> _DATA UNDER STUDY_
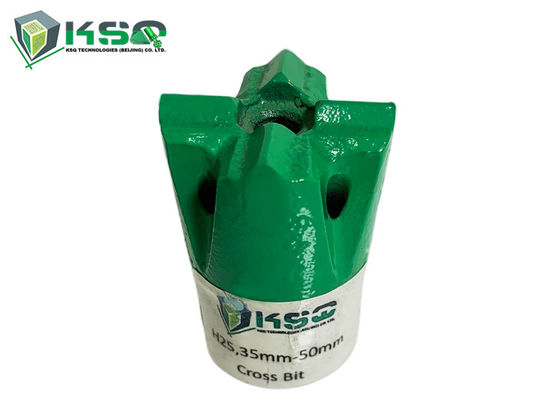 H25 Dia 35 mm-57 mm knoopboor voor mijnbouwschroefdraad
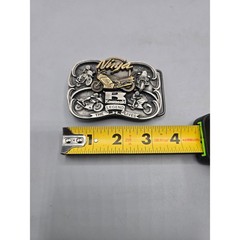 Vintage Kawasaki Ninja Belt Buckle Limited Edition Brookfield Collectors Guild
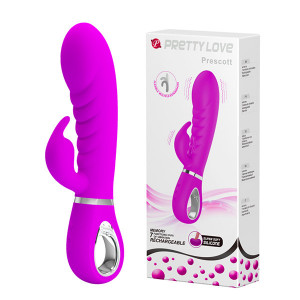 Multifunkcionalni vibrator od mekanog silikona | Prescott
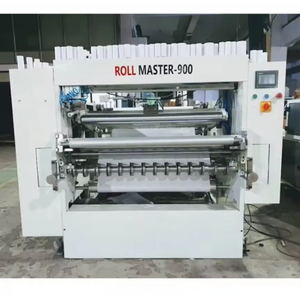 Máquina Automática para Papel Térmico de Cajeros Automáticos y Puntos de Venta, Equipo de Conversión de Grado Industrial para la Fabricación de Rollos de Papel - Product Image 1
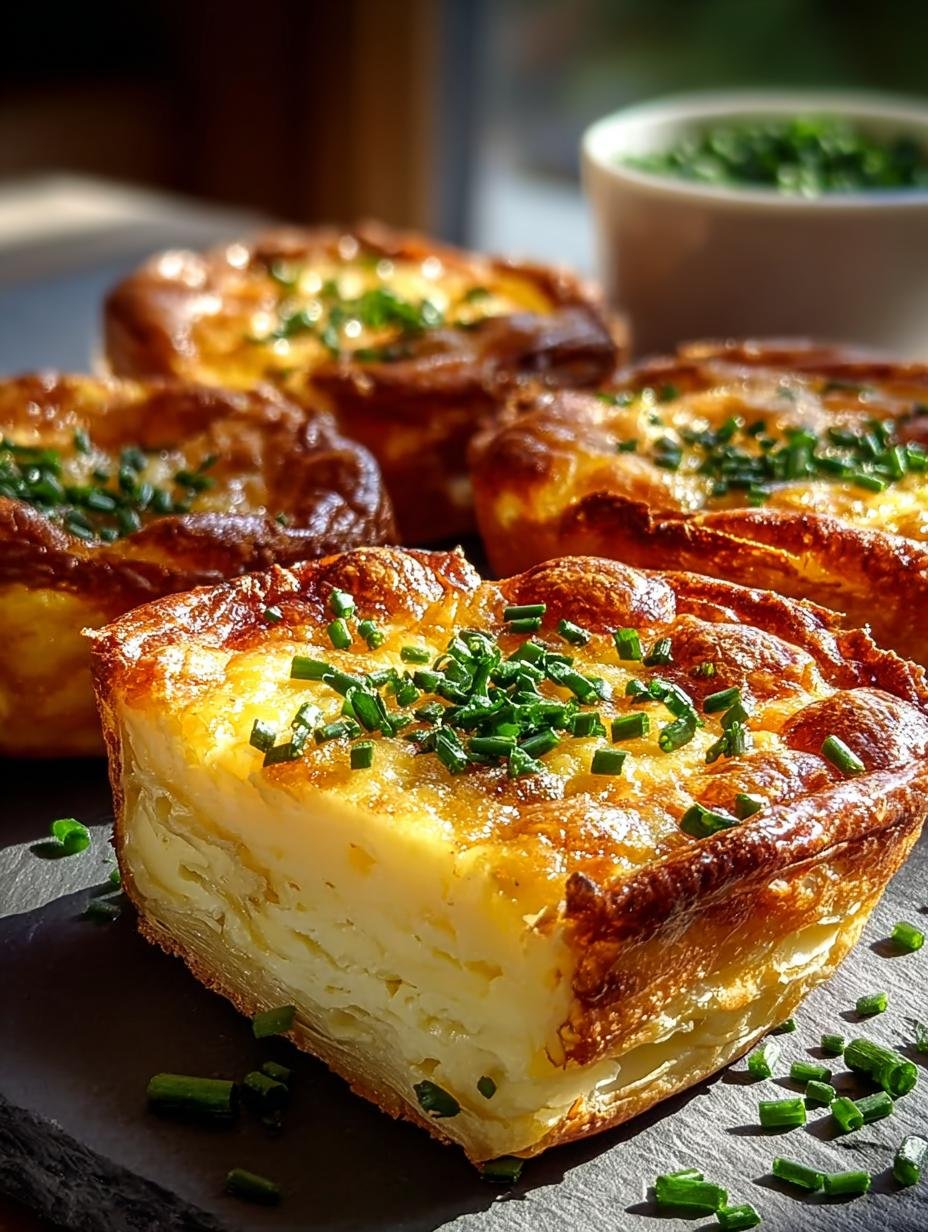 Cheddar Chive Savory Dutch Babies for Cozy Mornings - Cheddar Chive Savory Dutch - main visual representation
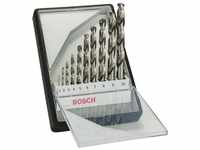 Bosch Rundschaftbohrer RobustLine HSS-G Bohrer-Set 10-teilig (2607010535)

> _WORK INSTRUCTIONS_
The result should be a word-for-word restatement of all the data, without images.

> _SOLUTION FOR THIS TASK_
 H25 Dia 35 mm-57 mm knoopboor voor mijnbouwschroefdraad
 Vintage Kawasaki Ninja Belt Buckle Limited Edition Brookfield Collectors Guild
 Multifunkcionalni vibrator od mekanog silikona | Prescott
 Máquina Automática para Papel Térmico de Cajeros Automáticos y Puntos de Venta, Equipo de Conversión de Grado Industrial para la Fabricación de Rollos de Papel - Product Image 1
 Cheddar Chive Savory Dutch Babies for Cozy Mornings - Cheddar Chive Savory Dutch - main visual representation
 Bosch Rundschaftbohrer RobustLine HSS-G Bohrer-Set 10-teilig (2607010535)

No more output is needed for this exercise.